Promoting Hózhó Wellness:
The project would give more students the opportunity to attend a school that cares about the wellness and development of the child’s character to survive as a human in the world. This would give students the confidence to dream about the future in education and they will be part of a revolution of indigenous resiliency. The community would be enriched, and less likely to suffer from generational trauma in a negative way where they cannot heal. It would be one step of healing the community inward and outward.
Hózhó is the complex wellness philosophy and belief system of the Diné (Navajo) people, comprised of principles that guide one’s thoughts, actions, behaviors, and speech.

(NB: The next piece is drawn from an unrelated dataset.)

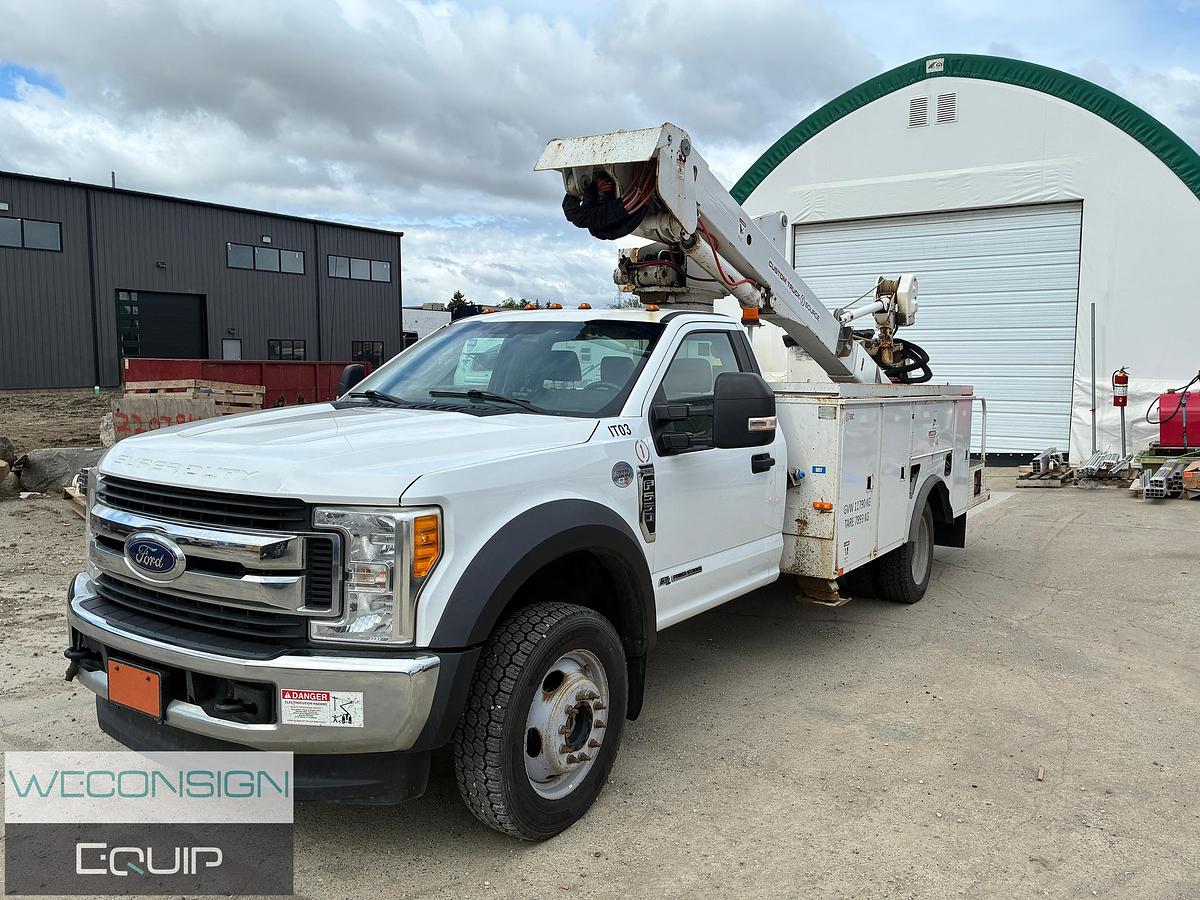 Used 2017 Ford F550 Bucket Truck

Ajah-Rain Yellowhair, Navajo, NM – Ajah intends to pursue a major in Political science and global affairs to become a policy development maker that assists in implementing humanitarian aid efforts. Her skills would be applied to help the people of the Navajo Nation regarding structure in governance and policies. She plans to pursue a future focus on educational studies to improve the educational institutions in the Navajo Nation. As a Navajo Preparatory alumni, she plans to attend the University of Portland, and connecting with the local WeRNative will allow me to work with native communities. Ajah’s life goal is to advance the current and next indigenous youth to brighter futures through holistic healing through service.
The UNITY 25 Under 25 award is a national youth leadership recognition program that honors Native American and Alaskan Native youth leaders who exemplify UNITY’s core mission and exude living a balanced life, developing their spiritual, mental, physical, and social well-being. The biennial program, launched in 2014, recognizes and celebrates the achievements of 25 outstanding Native youth leaders under 25 in Indian country. “Our Native youth have a passion for building and bettering their communities. UNITY’s 25 Under 25 program recognizes their achievements and encourages these young people to stay involved and further develop their leadership skills,” said Mary Kim Titla, UNITY executive director.